*WORK TASK:* Give again, word for word, each line below starting at the one that contains "10477 NW 4th Street Coral Springs FL 33071" and ending at the one that contains "ANA NIKOLIĆ OČAJNA".

━━ SUPPLIED DATA ━━

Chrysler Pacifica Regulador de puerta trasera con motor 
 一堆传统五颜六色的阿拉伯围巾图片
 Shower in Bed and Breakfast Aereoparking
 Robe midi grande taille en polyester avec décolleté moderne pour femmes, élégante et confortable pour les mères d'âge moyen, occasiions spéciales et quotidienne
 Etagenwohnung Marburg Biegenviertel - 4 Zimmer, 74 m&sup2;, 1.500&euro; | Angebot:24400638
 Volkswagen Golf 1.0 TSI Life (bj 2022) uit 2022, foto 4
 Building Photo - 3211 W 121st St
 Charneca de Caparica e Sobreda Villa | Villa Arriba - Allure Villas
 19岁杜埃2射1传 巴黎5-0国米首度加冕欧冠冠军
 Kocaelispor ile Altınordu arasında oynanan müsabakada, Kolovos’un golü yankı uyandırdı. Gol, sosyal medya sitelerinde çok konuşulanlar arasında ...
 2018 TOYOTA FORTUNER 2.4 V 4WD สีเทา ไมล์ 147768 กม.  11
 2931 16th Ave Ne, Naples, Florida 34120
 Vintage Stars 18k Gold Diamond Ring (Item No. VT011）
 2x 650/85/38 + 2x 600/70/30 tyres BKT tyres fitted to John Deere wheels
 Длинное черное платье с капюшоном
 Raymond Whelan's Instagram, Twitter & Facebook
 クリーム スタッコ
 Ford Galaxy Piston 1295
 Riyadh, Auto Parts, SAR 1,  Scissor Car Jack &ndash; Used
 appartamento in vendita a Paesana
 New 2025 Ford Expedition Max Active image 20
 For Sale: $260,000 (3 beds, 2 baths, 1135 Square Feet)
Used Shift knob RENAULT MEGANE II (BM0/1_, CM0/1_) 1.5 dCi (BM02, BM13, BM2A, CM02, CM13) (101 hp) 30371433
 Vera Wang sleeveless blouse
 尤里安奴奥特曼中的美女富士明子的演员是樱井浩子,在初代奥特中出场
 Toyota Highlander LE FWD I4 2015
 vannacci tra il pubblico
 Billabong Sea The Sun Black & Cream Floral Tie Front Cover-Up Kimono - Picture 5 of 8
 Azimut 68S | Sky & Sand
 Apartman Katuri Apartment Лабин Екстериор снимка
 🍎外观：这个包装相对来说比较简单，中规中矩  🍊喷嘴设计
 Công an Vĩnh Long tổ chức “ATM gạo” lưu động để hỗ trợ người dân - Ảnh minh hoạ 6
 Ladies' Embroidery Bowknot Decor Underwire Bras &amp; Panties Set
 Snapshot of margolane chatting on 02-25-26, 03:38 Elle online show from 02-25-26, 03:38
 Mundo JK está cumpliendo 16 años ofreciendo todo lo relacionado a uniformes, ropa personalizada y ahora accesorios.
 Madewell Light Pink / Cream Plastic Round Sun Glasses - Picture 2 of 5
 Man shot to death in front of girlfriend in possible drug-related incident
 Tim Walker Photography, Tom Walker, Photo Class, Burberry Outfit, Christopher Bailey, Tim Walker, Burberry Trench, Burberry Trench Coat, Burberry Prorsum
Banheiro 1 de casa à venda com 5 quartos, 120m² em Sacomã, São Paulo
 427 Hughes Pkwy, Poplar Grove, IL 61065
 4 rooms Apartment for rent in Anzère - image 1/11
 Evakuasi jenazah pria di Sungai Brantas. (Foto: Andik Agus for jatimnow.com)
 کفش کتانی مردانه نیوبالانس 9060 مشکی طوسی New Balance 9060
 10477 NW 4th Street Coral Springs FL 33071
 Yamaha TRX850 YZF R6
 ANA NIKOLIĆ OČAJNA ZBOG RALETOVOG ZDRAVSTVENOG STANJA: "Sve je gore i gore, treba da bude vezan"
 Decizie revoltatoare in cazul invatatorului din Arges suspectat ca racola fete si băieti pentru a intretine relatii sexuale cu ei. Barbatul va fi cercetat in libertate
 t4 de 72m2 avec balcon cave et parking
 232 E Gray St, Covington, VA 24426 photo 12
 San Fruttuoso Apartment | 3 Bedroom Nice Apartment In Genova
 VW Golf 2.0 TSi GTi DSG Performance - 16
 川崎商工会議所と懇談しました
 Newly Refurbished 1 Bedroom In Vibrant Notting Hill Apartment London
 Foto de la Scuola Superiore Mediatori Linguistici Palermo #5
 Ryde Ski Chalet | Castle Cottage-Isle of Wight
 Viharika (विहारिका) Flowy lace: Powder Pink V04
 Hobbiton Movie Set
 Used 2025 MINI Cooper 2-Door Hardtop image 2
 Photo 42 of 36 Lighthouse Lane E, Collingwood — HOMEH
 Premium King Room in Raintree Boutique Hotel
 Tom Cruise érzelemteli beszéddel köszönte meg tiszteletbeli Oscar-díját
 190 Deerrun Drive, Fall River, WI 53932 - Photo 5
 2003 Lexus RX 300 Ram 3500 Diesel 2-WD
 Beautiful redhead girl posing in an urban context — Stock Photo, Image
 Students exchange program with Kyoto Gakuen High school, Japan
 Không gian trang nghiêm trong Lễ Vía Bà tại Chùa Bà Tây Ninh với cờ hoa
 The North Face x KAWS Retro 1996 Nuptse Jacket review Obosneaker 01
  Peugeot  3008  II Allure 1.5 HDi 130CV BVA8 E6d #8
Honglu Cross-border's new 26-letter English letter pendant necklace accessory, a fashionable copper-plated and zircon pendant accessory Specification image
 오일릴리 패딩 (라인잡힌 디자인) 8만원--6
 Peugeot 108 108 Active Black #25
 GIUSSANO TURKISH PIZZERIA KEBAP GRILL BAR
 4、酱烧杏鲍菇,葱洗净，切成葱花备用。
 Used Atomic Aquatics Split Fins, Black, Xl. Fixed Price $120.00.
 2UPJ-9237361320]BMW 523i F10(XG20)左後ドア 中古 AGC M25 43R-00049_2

━━━

*FINISHED EXERCISE:*
 10477 NW 4th Street Coral Springs FL 33071
 Yamaha TRX850 YZF R6
 ANA NIKOLIĆ OČAJNA ZBOG RALETOVOG ZDRAVSTVENOG STANJA: "Sve je gore i gore, treba da bude vezan"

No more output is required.